A Labour peer has suggested Whitehall is keeping the public in the dark regarding the true cost of HS2, which he claims could have doubled in price for its first phase between London and Birmingham from £26bn to £51bn.
Lord Berkeley OBE said it was time to 'pause and descope' on the project, claiming that the Department for Transport 'still cling onto their £24bn [for phase one], priced in 2013, but few in the sector believe them'.
In a letter to the transport secretary, Chris Grayling, he referenced a review of costs carried out by Michael Byng using the Rail Method of Measure Volume 1 Cost Planning 'introduced by Network Rail in 2014 and in widespread use throughout the railway industry'.
Pricing up the cost of the Phase One line, Mr Byng apparently came to the initial price of roughly £47.9bn, but Lord Berkeley pointed out that since then the Government has increased or changed the scope, leading to a further £3.2bn in costs, according to Mr Byng.
Transport expert Christian Wolmar tweeted in response: 'It is amazing that there has been no recent detailed analysis of costs.
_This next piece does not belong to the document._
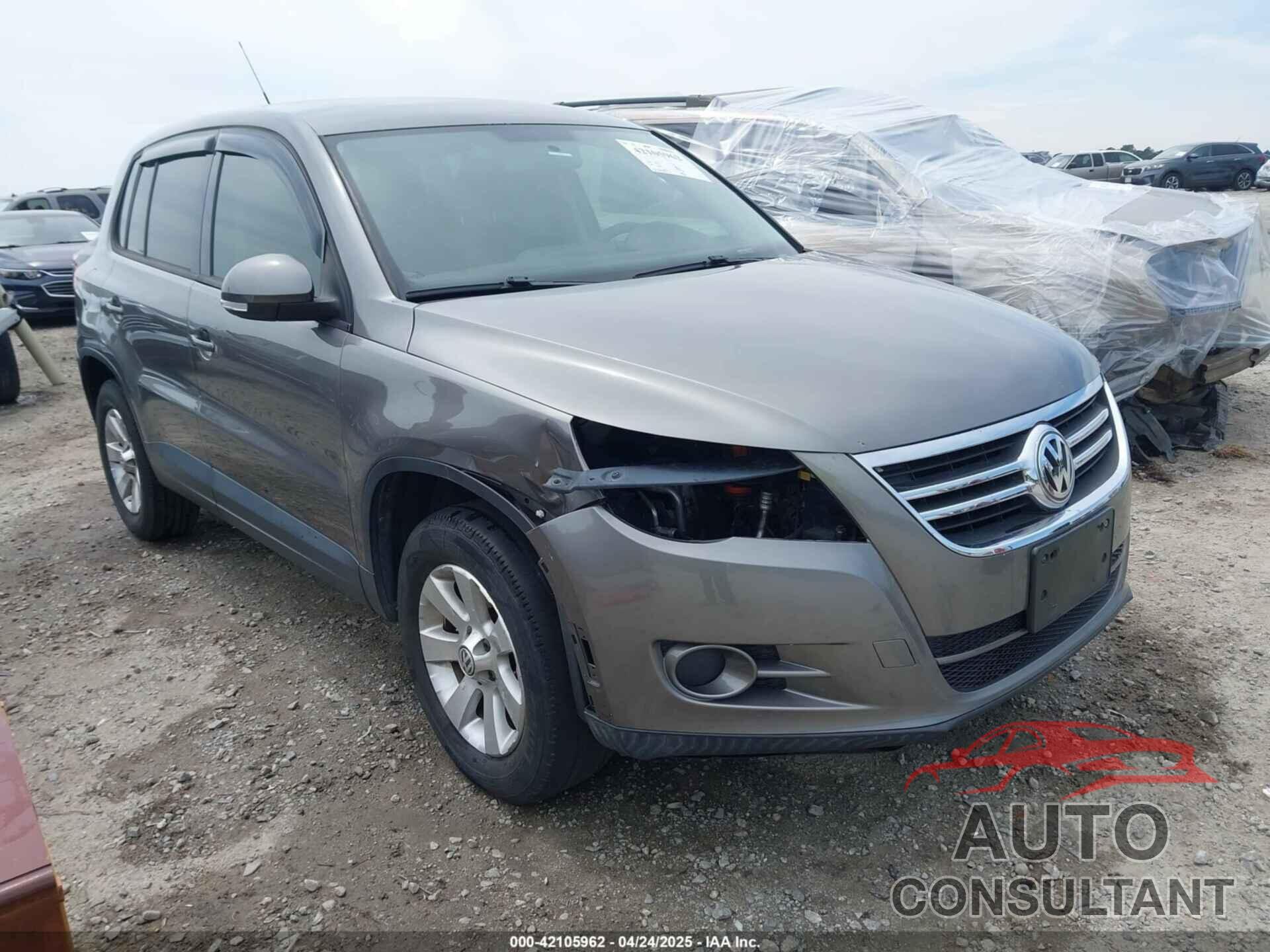 VOLKSWAGEN TIGUAN 2010 - WVGCV7AX9AW515432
Is it because the truth would cause a backlash.'
A spokesman at HS2 Ltd said there had been no new increases in costs and it 'didn't recognise the figures'.
Sources also suggested that Whitehall was having a hard time getting hold of the Byng analysis, which was 'illusive' itself.
Transport Network approached the DfT for comment and Lord Berkeley for a copy of the report; however neither were available at the time of publication.